PROMPT ->
Your answer must be the full listing, reproduced exactly, minus any pictures.
* * *
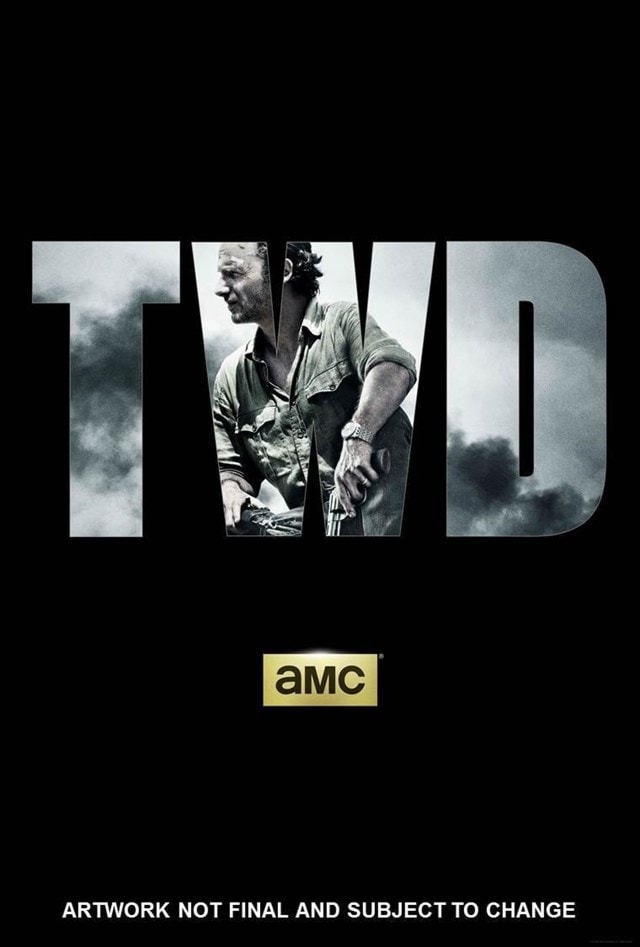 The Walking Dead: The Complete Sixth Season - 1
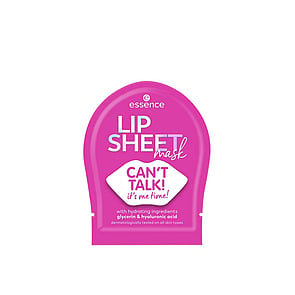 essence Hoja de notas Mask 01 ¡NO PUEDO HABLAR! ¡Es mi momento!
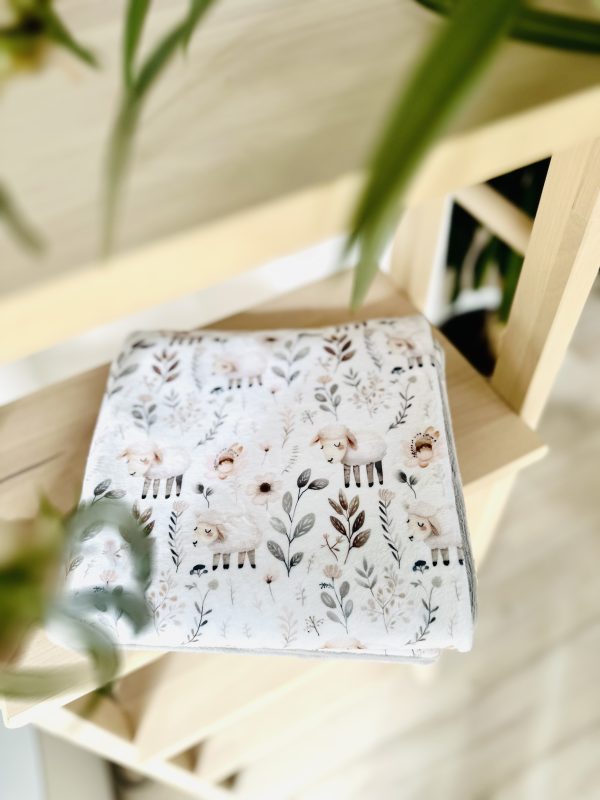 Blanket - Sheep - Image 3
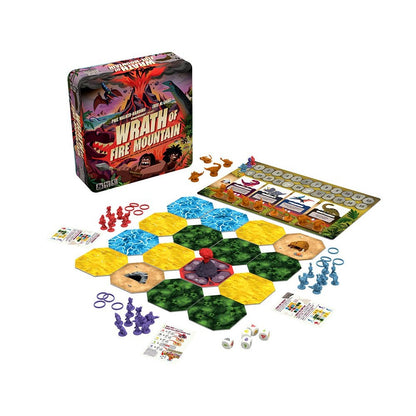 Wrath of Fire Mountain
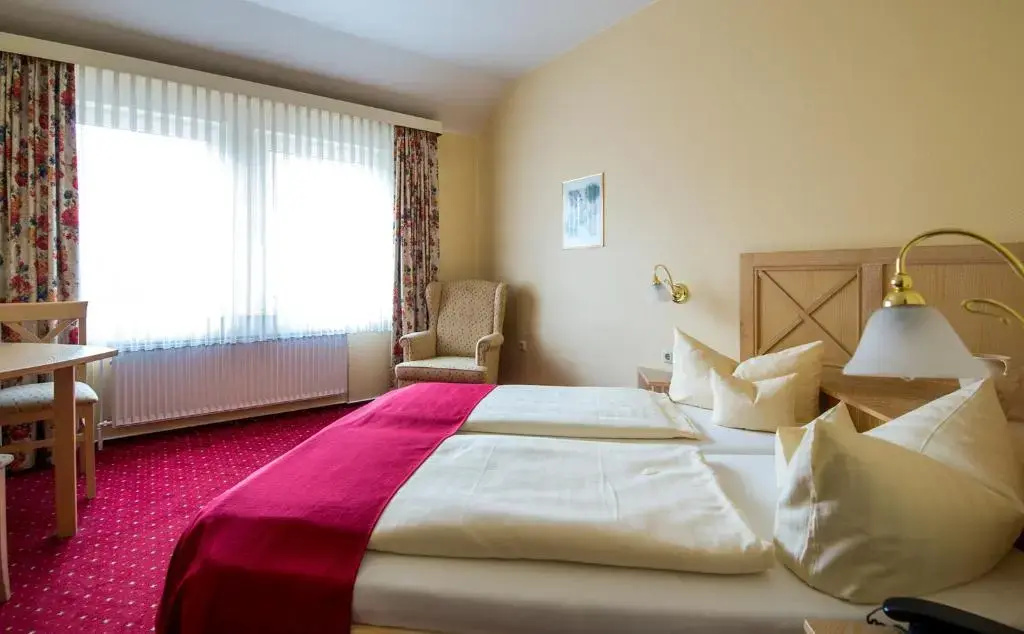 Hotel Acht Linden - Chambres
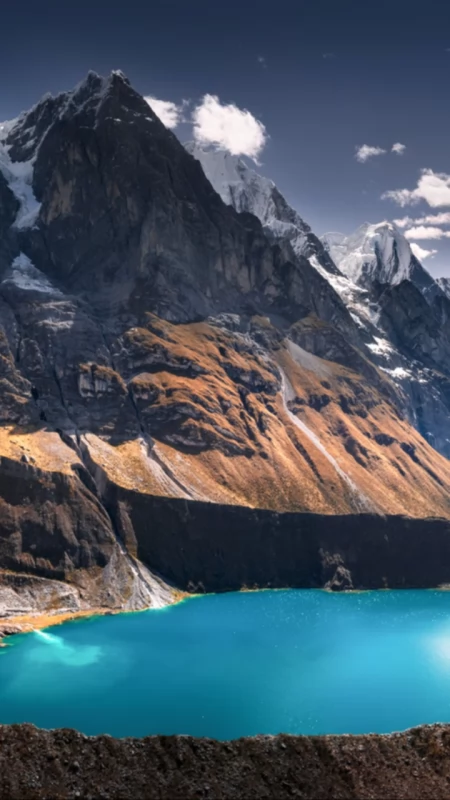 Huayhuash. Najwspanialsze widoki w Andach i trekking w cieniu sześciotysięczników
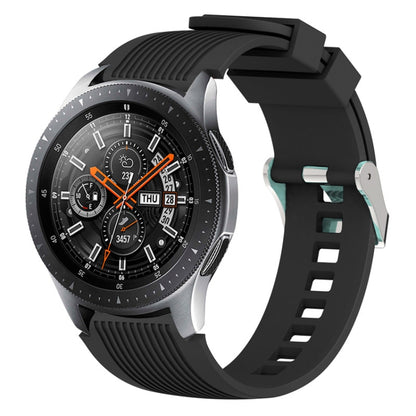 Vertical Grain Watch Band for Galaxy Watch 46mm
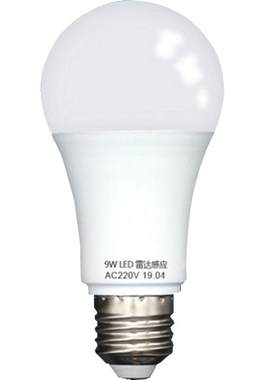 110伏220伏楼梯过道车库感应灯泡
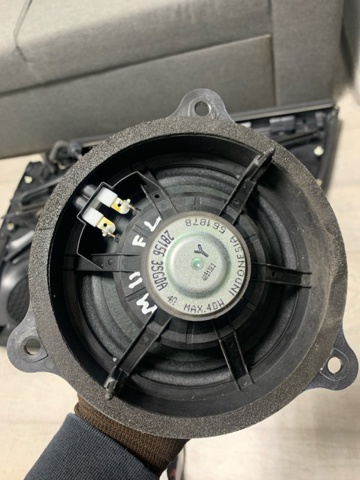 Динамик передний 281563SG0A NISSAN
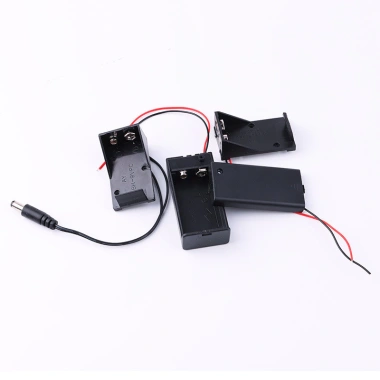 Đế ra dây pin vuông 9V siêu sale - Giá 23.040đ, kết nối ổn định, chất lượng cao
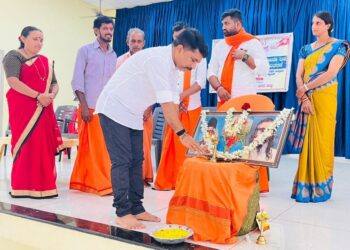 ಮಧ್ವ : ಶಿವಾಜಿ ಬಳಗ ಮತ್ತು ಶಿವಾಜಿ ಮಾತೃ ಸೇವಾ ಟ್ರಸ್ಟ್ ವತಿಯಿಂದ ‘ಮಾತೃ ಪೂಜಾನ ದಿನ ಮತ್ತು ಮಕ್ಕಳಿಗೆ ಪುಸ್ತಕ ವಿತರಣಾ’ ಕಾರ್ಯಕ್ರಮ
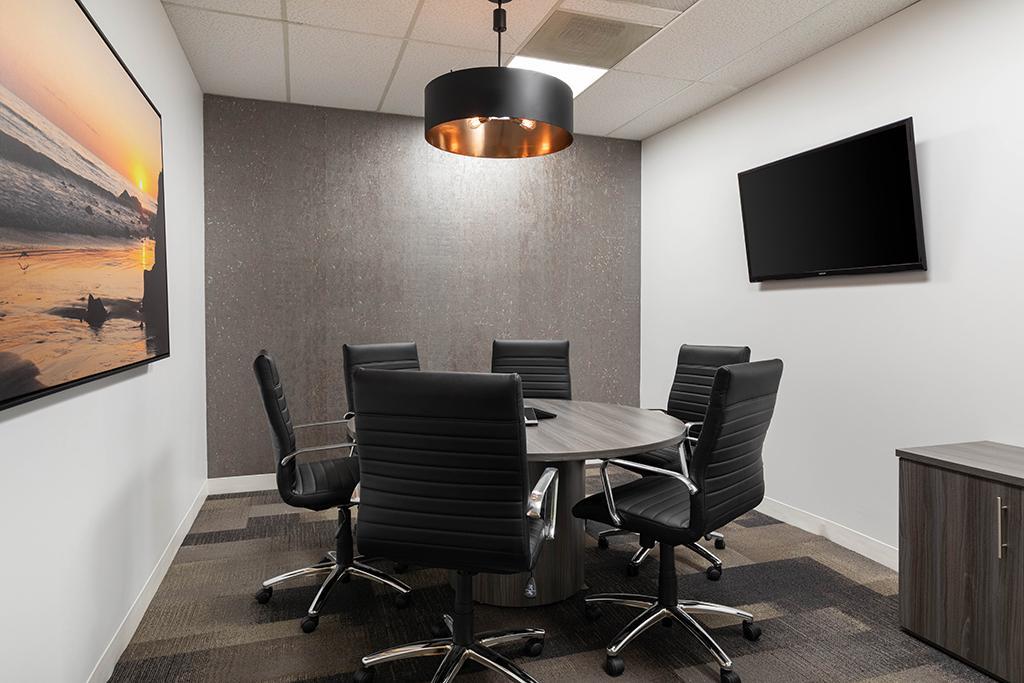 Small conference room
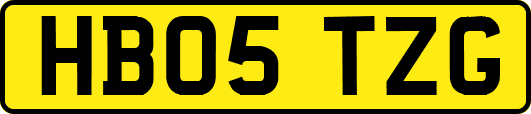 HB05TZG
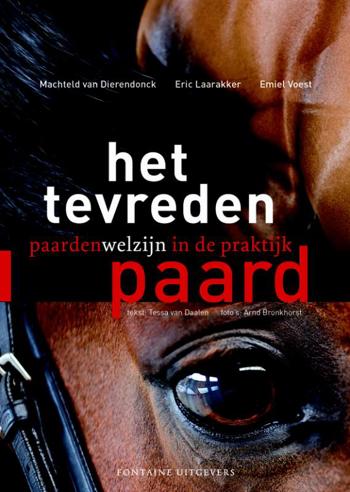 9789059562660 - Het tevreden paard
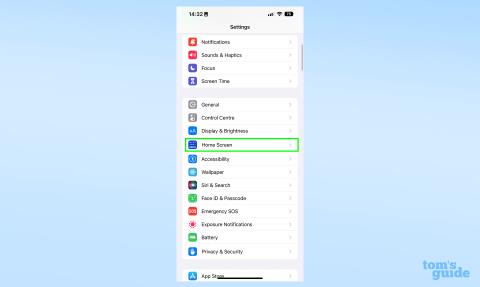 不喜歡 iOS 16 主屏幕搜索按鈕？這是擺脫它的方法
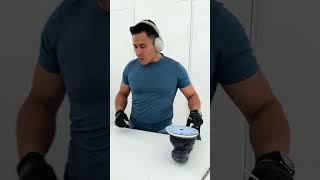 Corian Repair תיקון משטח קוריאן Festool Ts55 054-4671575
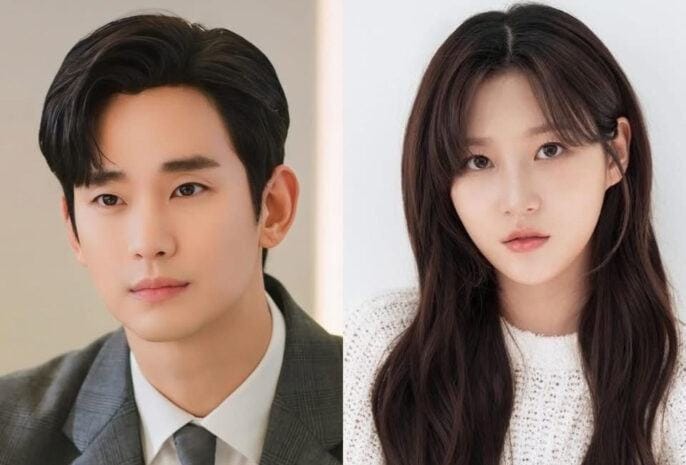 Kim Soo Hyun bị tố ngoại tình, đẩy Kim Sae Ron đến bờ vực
* * *
RESULT OF THE EXERCISE ->
 The Walking Dead: The Complete Sixth Season - 1
 essence Hoja de notas Mask 01 ¡NO PUEDO HABLAR! ¡Es mi momento!
 Blanket - Sheep - Image 3
 Wrath of Fire Mountain
 Hotel Acht Linden - Chambres
 Huayhuash. Najwspanialsze widoki w Andach i trekking w cieniu sześciotysięczników
 Vertical Grain Watch Band for Galaxy Watch 46mm
 110伏220伏楼梯过道车库感应灯泡
 Динамик передний 281563SG0A NISSAN
 Đế ra dây pin vuông 9V siêu sale - Giá 23.040đ, kết nối ổn định, chất lượng cao
 ಮಧ್ವ : ಶಿವಾಜಿ ಬಳಗ ಮತ್ತು ಶಿವಾಜಿ ಮಾತೃ ಸೇವಾ ಟ್ರಸ್ಟ್ ವತಿಯಿಂದ ‘ಮಾತೃ ಪೂಜಾನ ದಿನ ಮತ್ತು ಮಕ್ಕಳಿಗೆ ಪುಸ್ತಕ ವಿತರಣಾ’ ಕಾರ್ಯಕ್ರಮ
 Small conference room
 HB05TZG
 9789059562660 - Het tevreden paard
 不喜歡 iOS 16 主屏幕搜索按鈕？這是擺脫它的方法
 Corian Repair תיקון משטח קוריאן Festool Ts55 054-4671575
 Kim Soo Hyun bị tố ngoại tình, đẩy Kim Sae Ron đến bờ vực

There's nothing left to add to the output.